China Finally Charges Disappeared Interpol President with Taking ‘Huge’ Bribes

The Associated Press
AP Photo/Wong Maye-E

Chinese prosecutors announced Friday that they finally charged former Interpol President Meng Hongwei with taking “huge” bribes over half a year after Meng mysteriously disappeared on a trip to China.

Chinese Communist Party officers are believed to have abducted Meng, a former top Chinese police chief who became Interpol president in 2016, during a visit to the country in October 2018. Meng has not been seen or heard from since, though Interpol claimed to have received a written letter from him shortly after his disappearance officially resigning from the presidency of the international law enforcement cooperation agency.

Meng’s wife, Grace Meng, has spent the months since her husband’s disappearance warning that the regime of Chinese Communist leader Xi Jinping may kill Meng while in custody. The Meng family lived in France, where Interpol headquarters are located, and Grace and their children remain in the country.
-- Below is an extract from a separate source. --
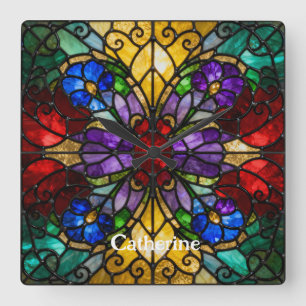 Horloge murale en verre teinté personnalisée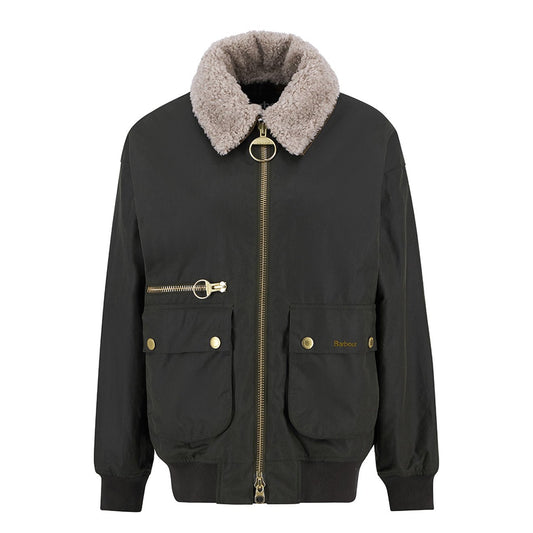 Barbour Womens Maxine Waxed Bomber Jacket Archive Olive - The Sporting Lodge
“The amounts of bribes [Meng took] were huge and he should face criminal charges in accordance with the law,” a statement from the Supreme People’s Procuratorate of Tianjin, where Meng’s trial is now scheduled to take place, read, according to the South China Morning Post. Meng allegedly received the bribes while serving as the chief of the Maritime Police Bureau in China and vice-minister of public security, titles that overlapped for some time with his Interpol tenure. The statement claimed that Meng is being represented by an attorney but did not provide information on who the attorney is or any remarks the attorney made about his client. China’s legal system is notorious for preventing defendants from properly expressing themselves in court and persecuting defense attorneys who do not cooperate with the government to imprison the accused.

China has refused to provide any information on Meng’s whereabouts or proof that he has not suffered abuse as a political prisoner, which Grace Meng argues that he is. Police did not claim to arrest him until April 24, raising the question of what Meng’s status was before an arrest warrant existed for him but after he disappeared in October. A month before his formal arrest, the Communist Party of China issued a public statement confirming that it had expelled Meng, stripping him of his membership permanently.

The Central Commission for Discipline Inspection (CCDI), a secretive agency established by Xi to prosecute corruption within the government, is responsible for the investigation into Meng given his status as a Chinese government official before his promotion to Interpol president.

The government of China did not initially admit to abducting Meng. Wife Grace reported him missing after she stopped hearing from him during a trip home to China. She alerted French authorities and told the press that the last message she had received from him was a knife emoji, a hint that something was about to happen to him. Meng has refused to leave France and continues to pressure the country to help bring him back. She claimed in late October that Chinese police had tried to reach out to her and set up a private meeting to give her a letter from her husband. Meng replied at the time by demanding the officers allow her to bring an attorney to the meeting later, which they did not ever agree to, she claimed.

China’s Ministry of Public Security only confirmed Meng’s abduction after news spread of his disappearance. In its public statement, the ministry said he had been detained in China and “insistence on doing things in his own way means he has only himself to blame for being placed under investigation … There is no place for any negotiation or bargaining with the party.”

China’s Global Times newspaper published an article condemning the world for questioning where Meng had gone and accusing the West of discrimination for challenging China’s seemingly arbitrary use of power.

“The Western media’s brouhaha stems from their disrespect for Chinese law and misunderstanding of China’s anti-corruption campaign. Wherever China’s legal system differs from the West’s, they arrogantly regard such differences as ‘flaws,’” the Times claimed.

Interpol confirmed that they had received a letter alleged to be from Meng formally resigning from the presidency.

A month later, with Meng’s fate still uncertain, Interpol Secretary General Juergen Stock told reporters that the agency is “not an investigative body” and could do nothing to help bring him back.

“We have to accept, like we would accept with any other country, that this country (China) is taking sovereign decisions and if that country tells us: ‘we have investigations, they are ongoing, and the president has been resigning, he’s not a delegate of the country anymore,’ then we have to accept,” he said.

China has yet to allow the public to see Meng again and his current location and health status is unknown. Grace Meng maintains that her husband is innocent and the arrest is a politically motivated act of persecution.